The functional polymorphisms of LIS1 are associated with acute myeloid leukemia risk in a Han Chinese population

- The variant alleles of LIS1 SNPs could significantly increase the AML risk.
- The associations between LIS1 SNPs and any AML subgroups were homogeneous.
- No significant association existed between AML1/ETO and LIS1 SNPs in M2 AML.
- No significant association existed between PML/RARα and LIS1 SNPs in M3 AML.
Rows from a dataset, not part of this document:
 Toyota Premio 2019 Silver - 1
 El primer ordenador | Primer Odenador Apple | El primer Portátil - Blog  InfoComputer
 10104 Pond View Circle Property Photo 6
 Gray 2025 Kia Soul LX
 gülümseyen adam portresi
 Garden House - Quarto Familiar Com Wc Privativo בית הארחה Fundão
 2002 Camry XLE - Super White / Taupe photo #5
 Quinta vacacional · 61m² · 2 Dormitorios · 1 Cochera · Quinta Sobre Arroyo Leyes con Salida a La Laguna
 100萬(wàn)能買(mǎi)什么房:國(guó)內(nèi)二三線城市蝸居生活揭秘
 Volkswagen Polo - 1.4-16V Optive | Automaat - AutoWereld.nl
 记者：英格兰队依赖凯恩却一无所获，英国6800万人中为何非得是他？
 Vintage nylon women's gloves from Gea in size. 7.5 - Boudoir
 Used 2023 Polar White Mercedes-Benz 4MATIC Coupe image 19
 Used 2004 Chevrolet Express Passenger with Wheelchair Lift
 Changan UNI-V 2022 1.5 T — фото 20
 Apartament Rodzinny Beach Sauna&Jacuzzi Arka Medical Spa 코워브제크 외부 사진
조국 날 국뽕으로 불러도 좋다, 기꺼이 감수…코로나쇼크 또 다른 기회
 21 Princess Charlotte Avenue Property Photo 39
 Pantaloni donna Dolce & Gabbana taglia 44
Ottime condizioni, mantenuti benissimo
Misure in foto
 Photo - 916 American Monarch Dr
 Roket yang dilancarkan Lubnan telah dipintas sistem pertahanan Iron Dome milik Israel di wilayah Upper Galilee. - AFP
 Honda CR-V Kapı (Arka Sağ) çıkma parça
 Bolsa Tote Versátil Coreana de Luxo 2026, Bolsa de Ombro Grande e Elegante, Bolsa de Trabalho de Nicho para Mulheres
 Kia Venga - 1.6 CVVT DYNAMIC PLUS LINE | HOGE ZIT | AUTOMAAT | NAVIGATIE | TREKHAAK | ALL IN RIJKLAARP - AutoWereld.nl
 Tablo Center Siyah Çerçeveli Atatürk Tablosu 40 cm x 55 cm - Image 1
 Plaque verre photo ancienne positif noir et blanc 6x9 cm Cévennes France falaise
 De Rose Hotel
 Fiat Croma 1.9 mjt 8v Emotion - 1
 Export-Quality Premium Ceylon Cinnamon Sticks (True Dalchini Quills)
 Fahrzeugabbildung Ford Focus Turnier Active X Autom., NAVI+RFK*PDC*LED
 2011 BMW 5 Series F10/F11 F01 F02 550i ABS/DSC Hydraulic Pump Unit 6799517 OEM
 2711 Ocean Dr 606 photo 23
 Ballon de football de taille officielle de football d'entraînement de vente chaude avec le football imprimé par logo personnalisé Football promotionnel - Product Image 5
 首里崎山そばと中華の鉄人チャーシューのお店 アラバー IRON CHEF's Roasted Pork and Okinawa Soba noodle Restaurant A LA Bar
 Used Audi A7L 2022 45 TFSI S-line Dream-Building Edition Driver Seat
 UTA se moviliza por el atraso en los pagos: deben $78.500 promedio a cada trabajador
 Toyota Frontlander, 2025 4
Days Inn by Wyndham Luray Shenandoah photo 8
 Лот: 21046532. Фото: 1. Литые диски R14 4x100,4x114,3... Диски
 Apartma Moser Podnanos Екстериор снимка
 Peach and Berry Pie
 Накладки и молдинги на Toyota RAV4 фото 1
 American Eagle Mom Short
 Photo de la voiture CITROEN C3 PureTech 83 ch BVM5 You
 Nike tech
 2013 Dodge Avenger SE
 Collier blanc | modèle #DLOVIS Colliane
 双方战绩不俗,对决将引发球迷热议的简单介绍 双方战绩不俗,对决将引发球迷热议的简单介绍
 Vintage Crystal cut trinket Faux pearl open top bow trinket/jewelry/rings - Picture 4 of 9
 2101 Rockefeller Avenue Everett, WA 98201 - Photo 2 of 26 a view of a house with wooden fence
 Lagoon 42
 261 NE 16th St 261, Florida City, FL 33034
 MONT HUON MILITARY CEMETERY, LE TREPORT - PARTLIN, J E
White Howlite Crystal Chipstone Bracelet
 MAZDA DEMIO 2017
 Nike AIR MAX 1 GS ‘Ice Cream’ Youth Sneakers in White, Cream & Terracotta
There is increasing evidence that the human lissencephaly-1 gene, LIS1, plays an important role in carcinogenesis of several malignancies including leukemia. However, little is known about the relationship between single nucleotide polymorphisms (SNPs) in LIS1 and the susceptibility to myeloid leukemia. In the present study, we systematically screened 5 potentially functional polymorphisms in LIS1, and conducted a case-control study including 660 acute myeloid leukemia (AML) patients and 1034 cancer-free controls in a Chinese population, to assess the association between these SNPs and AML risk. We found that the variant alleles of rs4790348, rs4790353, and rs7209748 could significantly increase the AML risk (rs4790348: adjusted OR = 1.31, 95%CI = 1.13-1.53 in additive model; rs4790353: adjusted OR = 4.97, 95%CI = 1.59-15.50 in recessive model; rs7209748: adjusted OR = 2.34, 95%CI = 1.11-4.94 in recessive model). These findings indicated that genetic variants in LIS1 may contribute to AML risk in Chinese population.